Using Data Warehouse tables in Experiments
Contents
If you have event-like data such as purchases, subscriptions, and usage records in a Data Warehouse table, you can use it directly as a metric in your experiment.
This enables you to measure how PostHog Feature Flags impact outcomes tracked in your external systems. For example, you can measure how a checkout redesign affects completed orders stored in your Stripe or Shopify data.
Setting up a Data Warehouse metric
When adding a metric to your experiment, select the Data Warehouse tables category and pick your table.
Configure the following fields:
Field Description Timestamp field The column in your Data Warehouse table that contains the timestamp of each row Data Warehouse join key The column in your Data Warehouse table that identifies which user each row belongs to (e.g., user_id,email)Events join key The field on PostHog events to match against the Data Warehouse join key (usually distinct_idorproperties.$user_id)


The Data Warehouse join key and Events join key together determine how PostHog links your Data Warehouse rows to PostHog events.

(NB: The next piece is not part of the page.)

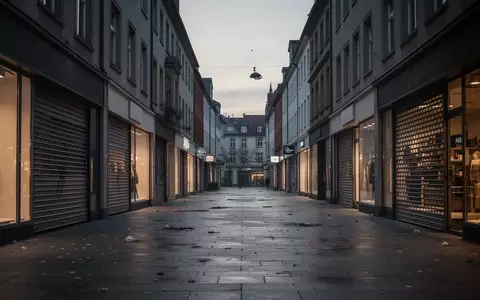 Leere Einkaufsstraße in einer deutschen Stadt mit geschlossenen Ladenfronten und gedimmter Beleuchtung bei Dämmerung. - Foto: über boerse-global.de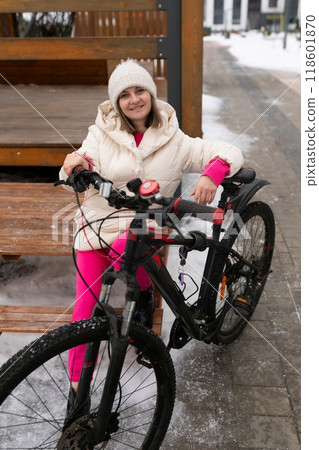 Woman Sitting on Bench Next to Bike Woman Sitting on Bench Next to Bike 118601870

For example, if your Data Warehouse table has a user_id column and PostHog events include properties.$user_id, PostHog matches rows where both values are equal. This links your external data (orders, subscriptions) to the users in your experiment.
How join keys work
The join key system bridges PostHog events with your external data:
- Events join key extracts an identifier from PostHog events (e.g.,
properties.$user_id→"user_123") - Data Warehouse join key queries your table using that identifier (e.g.,
WHERE user_id = "user_123") - PostHog attributes the Data Warehouse rows to the experiment variant you were exposed to
Common join key patterns
| Scenario | Events join key | Data Warehouse join key |
|---|---|---|
| User ID in properties | properties.$user_id | user_id |
| Email as identifier | properties.$email | email |
| Using distinct_id directly | distinct_id | posthog_distinct_id |
| Session-based | properties.$session_id | session_id |
Supported metric types
| Metric type | Supported | Notes |
|---|---|---|
| Mean | Yes | Count, sum, average, min, max aggregations |
| Ratio | Yes | Both numerator and denominator can be Data Warehouse tables |
| Retention | Yes | Both start and completion events can be Data Warehouse tables |
| Funnel | Yes | With limitations (see below) |
Using Data Warehouse tables in funnels
You can include Data Warehouse tables as steps in funnel metrics. For example, measuring a funnel from viewing a product page:
Requirements for Data Warehouse funnel steps
All Data Warehouse steps in a funnel must use the same events join key. This is a technical requirement of how PostHog queries mixed sources.
Valid funnel – All steps use properties.$user_id:
Invalid funnel – Different events join keys:
The Data Warehouse join keys can be different (e.g., one table has user_id, another has customer_id), but the events join key must match.
Limitations
Data Warehouse funnel steps have the following limitations:
Maximum 3 Data Warehouse steps per funnel – This prevents expensive queries. If you need more steps, create a materialized view combining multiple tables.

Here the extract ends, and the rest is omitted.